With Criticism Miamidade County Approves Omni Redevelopment Agency Expansion
Written by Risa Polansky on January 28, 2010
By Risa Polansky
Another element of 2007’s city-county mega-deal fell into place last week after Miami-Dade commissioners agreed to expand Miami’s Omni Community Redevelopment Agency — but by a narrow margin and under pressure from the city.
Two years ago, the Omni expansion and life extension was the linchpin of the global agreement between the county and city, making possible massive capital projects like a Marlins stadium, underwater tunnels to the Port of Miami and a revamped Bicentennial Park to house museums downtown.
The so-called mega-deal calls for expanding the Miami agency’s bounds to include Bicentennial Park and Watson Island so the city can use money generated in the area to fund its $50 million share of the $1 billion port tunnel project and to help create a Museum Park.
So far, the plan has come together piece by piece without expanding the Omni.
A ballpark is rising at the site of the old Orange Bowl in Little Havana — without the aid of redevelopment dollars, officials say — and port tunnel construction is to kick off this year, with a $50 million letter of credit secured to cover the city share.
Redevelopment dollars are meant to back that bank letter, but the city needed the county to OK the Omni expansion to get at the money.
It wasn’t a sure thing.
County lawmakers argued over the issue in November before deferring it.
More debate followed last week when they took the item up again.
But the city came ready to fight if need be.
The week before, Miami officials at their own meeting geared up to demand back the more than $11 million the redevelopment agency has paid toward the county’s performing arts center construction loans — another element of the global deal — if the county didn’t hold up its end of the bargain by expanding the agency.
In the end, it didn’t come to that.
Miami-Dade commissioners agreed to the expansion by a 6-4 vote, but not without criticism and questions.
Miami Mayor Tomás Regalado, who staunchly opposed the global deal as a commissioner, made the trip to County Hall to push through the measure.
He implored county commissioners to hold up their end of the bargain simply because "a deal’s a deal" — though he never called it a good deal, just one he "inherited" from prior administration.
"This is my Iraq war that I’m carrying," he joked late in the lengthy discussion.
Some supporters backed him for that reason.
"A plan is a plan and a commitment is a commitment," Commissioner Natacha Seijas said.
Others argued all they’d agreed to in the global deal was to consider expanding the Omni agency.
Some opposed it because they’re anti-port tunnels. Others voted against because they question redevelopment agencies altogether.
Redevelopment areas raise funds for revitalization by capping property values and, as projects rise, collecting the tax increment generated above the cap.
"That’s money that can go into the county that we don’t have right now," Joe Martinez said.

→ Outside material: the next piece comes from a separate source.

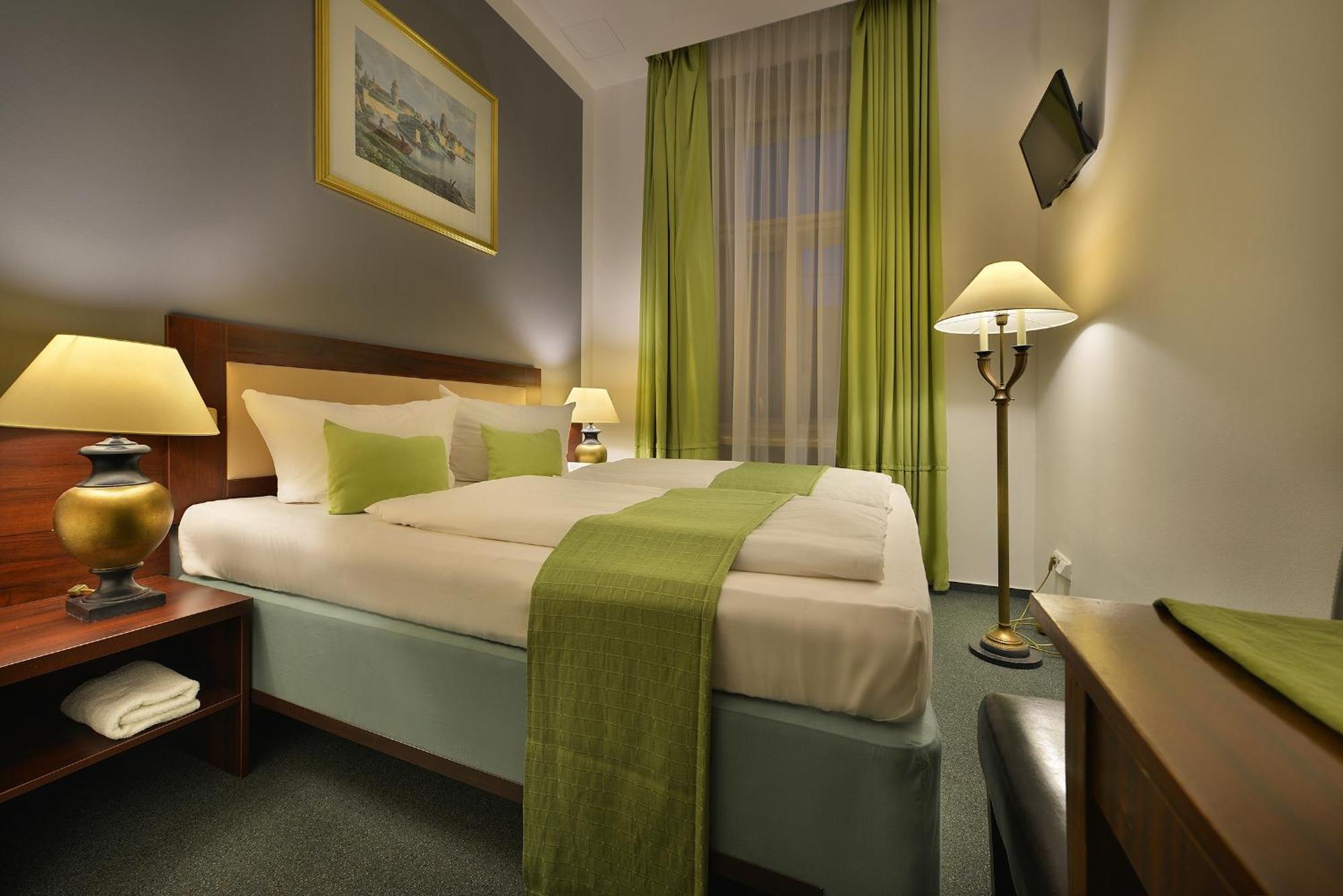 Prague Season Hotel Екстериор снимка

Commissioner Carlos Gimenez agreed.
"I’ve had my doubts about CRAs and their impact on operations," he said, asking Mayor Regalado whether he’d spend what the redevelopment agency is spending on projects in the Omni if he had the money available for general use.
"No," Mr. Regalado answered. "I would spend it on operations."
Exactly, Mr. Gimenez said. "I’m just not crazy about extending CRAs. I’m just not crazy about CRAs to begin with."
Jim Villacorta, director of Miami’s redevelopment agencies, said the tunnel and park need to be included in agency bounds to use tax increment money from the existing area, not to generate more.
"This isn’t an attempt to get more money for the CRA," he said.
Already nearly half of the agency’s annual revenue goes toward arts center construction debt as part of the global agreement.
The Omni has sent the county $11.7 million over the past two years and the 2010 check for nearly $6 million is in the mail, Mr. Regalado said.
Not yet, Mr. Villacorta corrected him.
"Oh, good, because then we can keep it," Mr. Regalado said when it appeared the county might kill the planned expansion.
He also asked at one point whether the city could pull out of the stadium and tunnel projects if the county reneged on its end of the deal.
In the end, a county majority came through.
The original legislation presented didn’t include Watson Island, as some say the city could have used redevelopment dollars to cover the tunnel payments even if the tunnel wasn’t within agency bounds.
But following Bruno Barreiro’s lead, commissioners voted to include in the newly expanded area the part of Watson Island that houses the Miami Children’s Museum and the site of a planned heliport.
City commissioners must sign off and are expected to.
After the vote, a smiling Mayor Regalado said his goodbyes to county commissioners with tongue in cheek.
"We’ll see you at the groundbreaking of the tunnel."